Crawled caption data.
————————
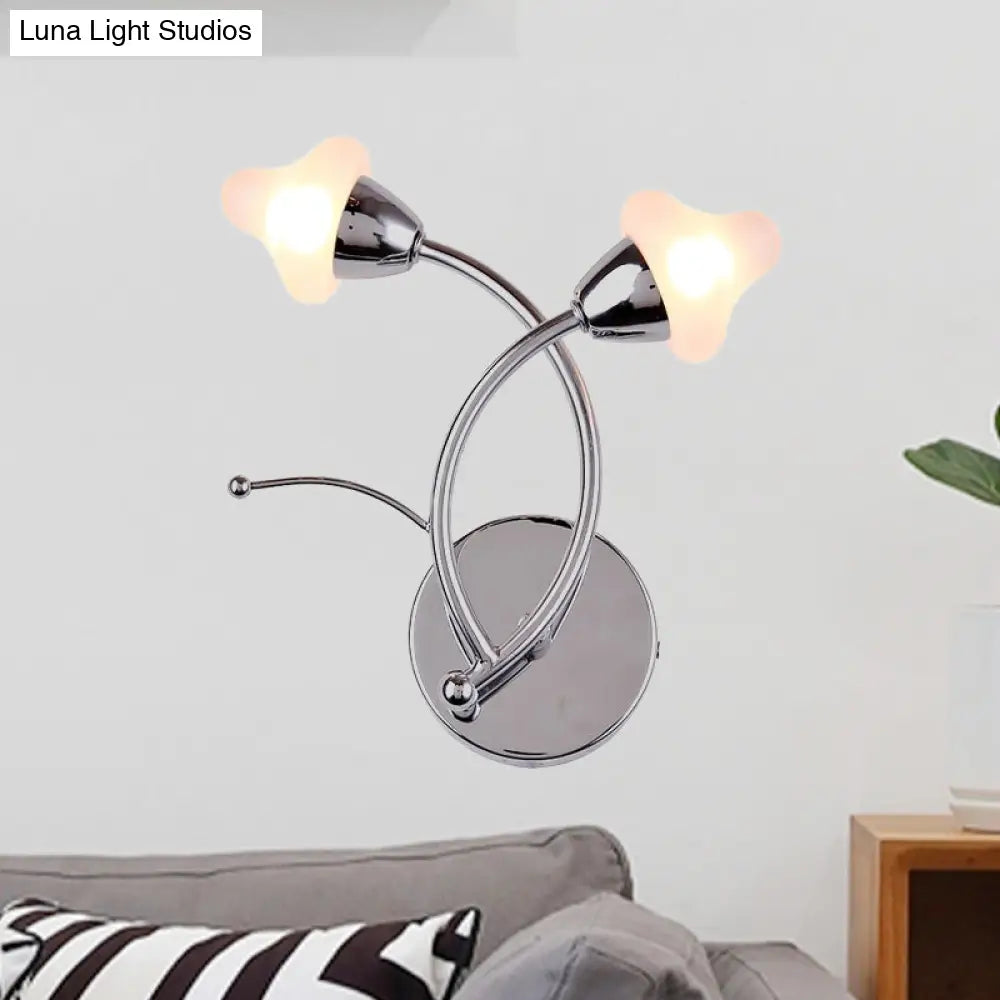 DecorBites™ Modernist Mushroom Milk Glass Wall Light with Chrome LED – Ideal for Office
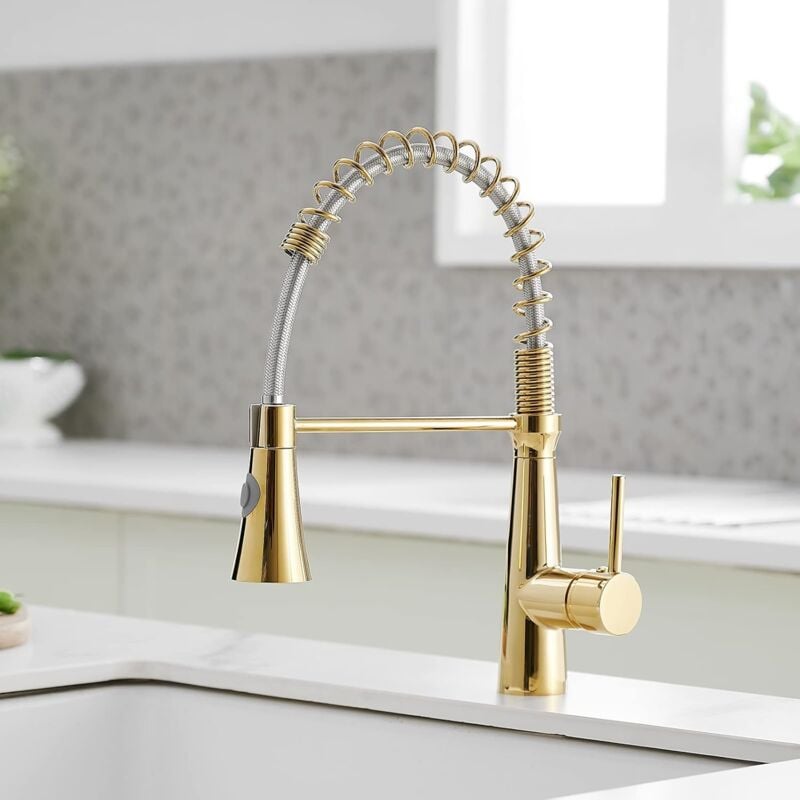 foto del prodotto cyslmuk rubinetto da cucina, rubinetto a molla a spirale, rubinetto da cucina girevole a 360 , rubinetto in ottone, rubinetto dorato con tubo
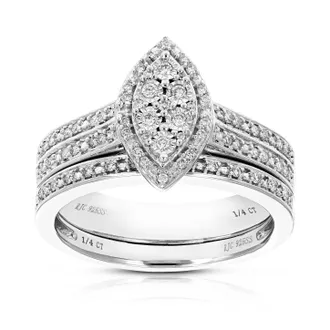 Vir Jewels 1/4 cttw Lab Grown Diamond Wedding Bridal Set in Sterling Silver For Women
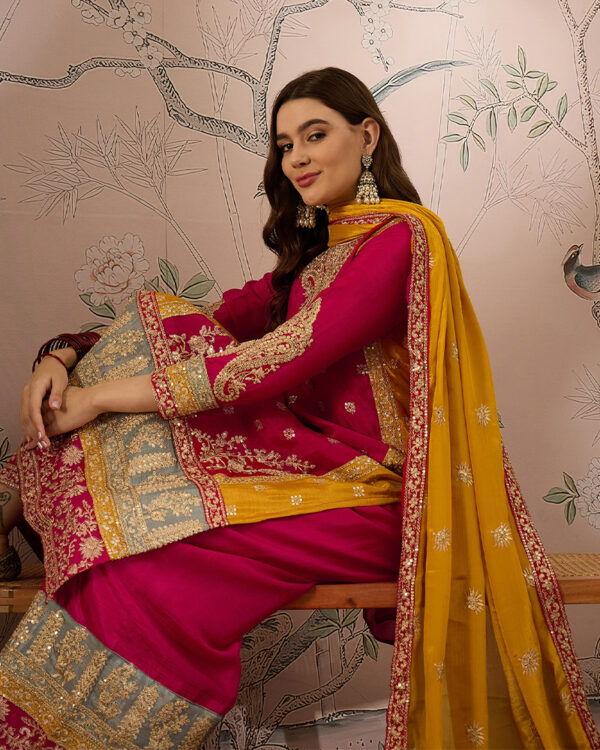 Pink Embroidered Chinon Straight Kurta Palazzo Set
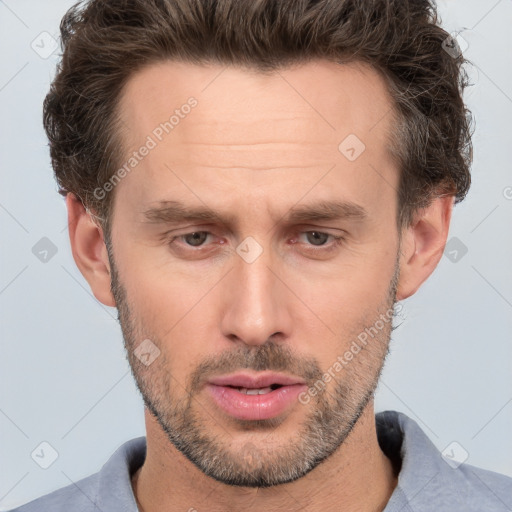 Neutral white adult male with short  brown hair and brown eyes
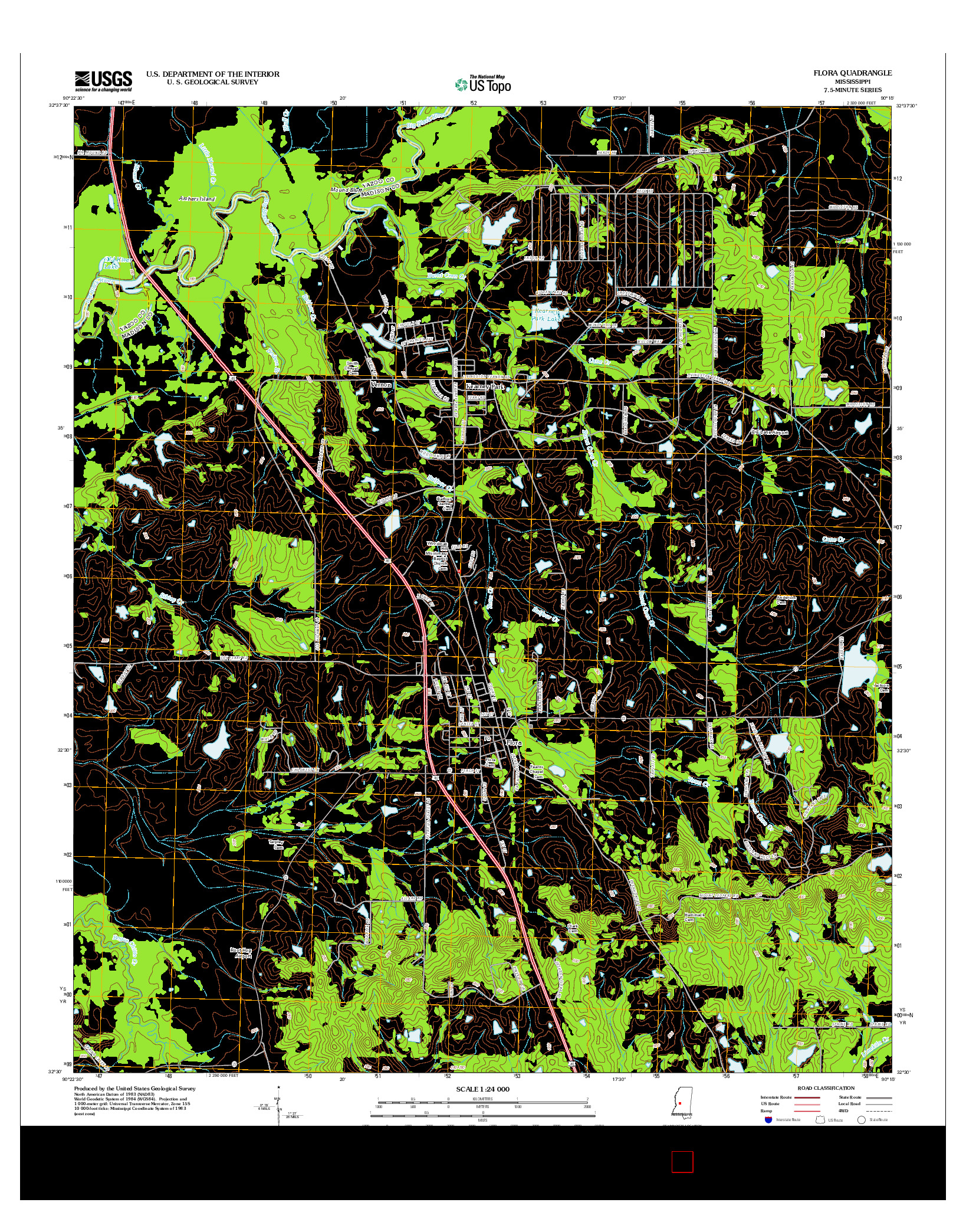 USGS US TOPO 7.5-MINUTE MAP FOR FLORA, MS 2012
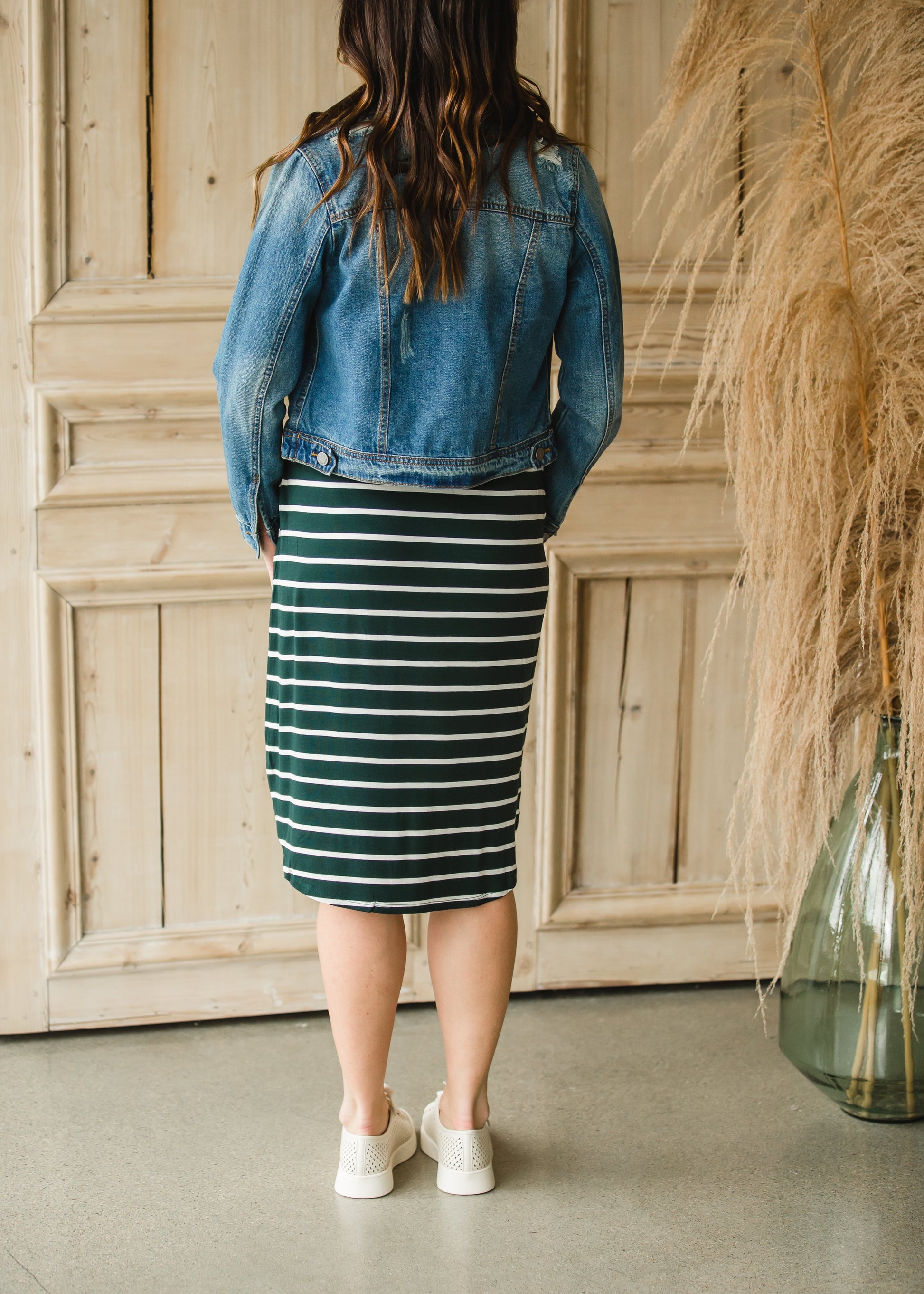 Green + White Striped Tie Front Midi Skirt - FINAL SALE Skirts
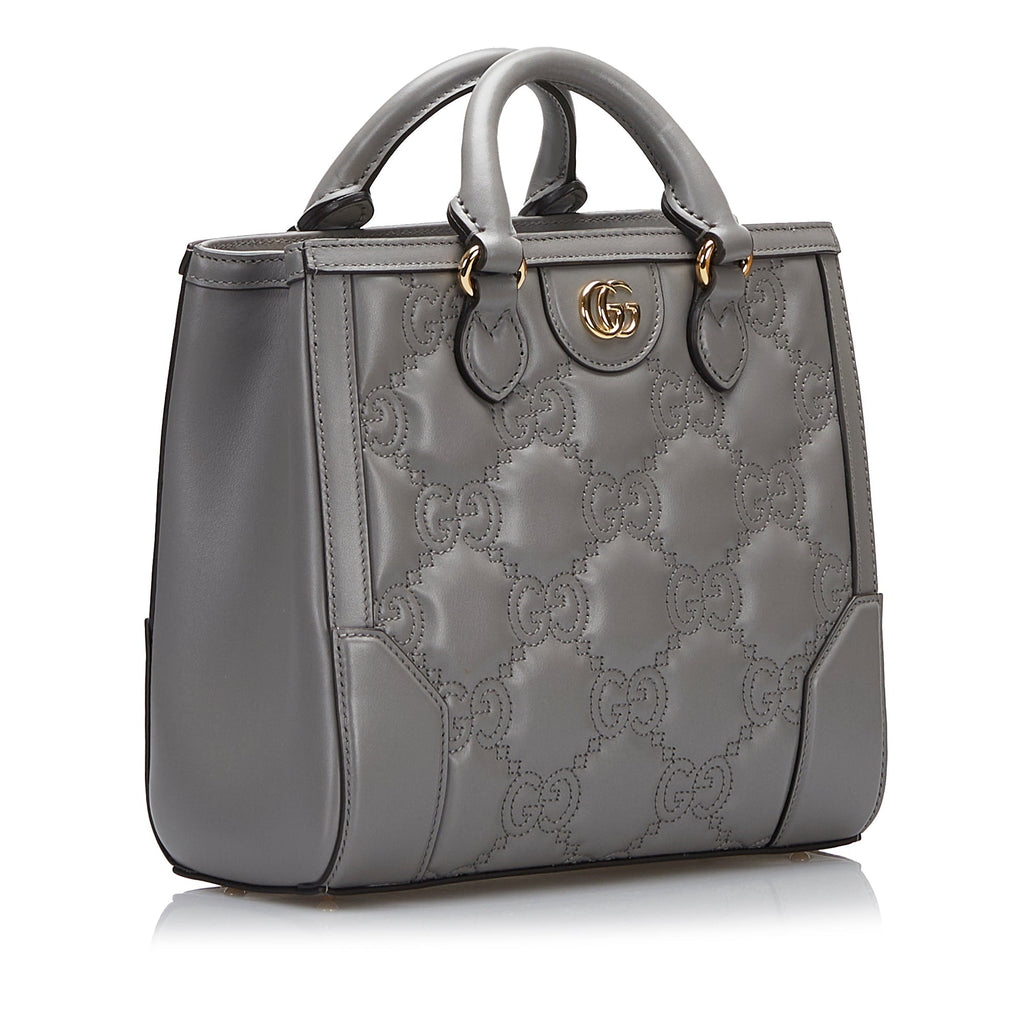 Gucci GG Handbag Grey MatelassÃƒÆ’Ã‚Â© Leather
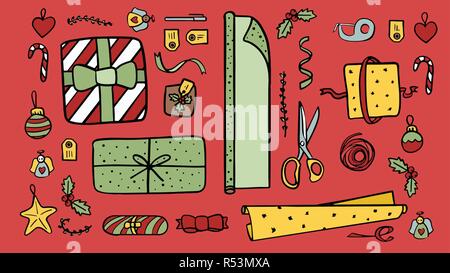 Illustrazione di un regalo di Natale-elementi di avvolgimento in un piatto di installazione dei laici. Illustrazione Vettoriale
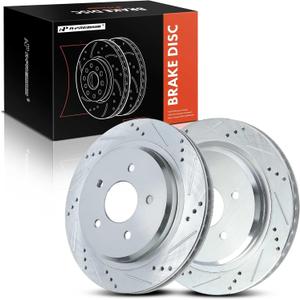A-Premium 12.01 Inch (305mm) Rear Drilled and Slotted Disc Brake Rotors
————————
PROBLEM REQUIREMENTS. Set down all the entries exactly as they appear, but skip any pictures.

ANSWER TO THE EXERCISE.
 DecorBites™ Modernist Mushroom Milk Glass Wall Light with Chrome LED – Ideal for Office
 foto del prodotto cyslmuk rubinetto da cucina, rubinetto a molla a spirale, rubinetto da cucina girevole a 360 , rubinetto in ottone, rubinetto dorato con tubo
 Vir Jewels 1/4 cttw Lab Grown Diamond Wedding Bridal Set in Sterling Silver For Women
 Pink Embroidered Chinon Straight Kurta Palazzo Set
 Neutral white adult male with short  brown hair and brown eyes
 USGS US TOPO 7.5-MINUTE MAP FOR FLORA, MS 2012
 Green + White Striped Tie Front Midi Skirt - FINAL SALE Skirts
 Gucci GG Handbag Grey MatelassÃƒÆ’Ã‚Â© Leather
 Illustrazione di un regalo di Natale-elementi di avvolgimento in un piatto di installazione dei laici. Illustrazione Vettoriale
A-Premium 12.01 Inch (305mm) Rear Drilled and Slotted Disc Brake Rotors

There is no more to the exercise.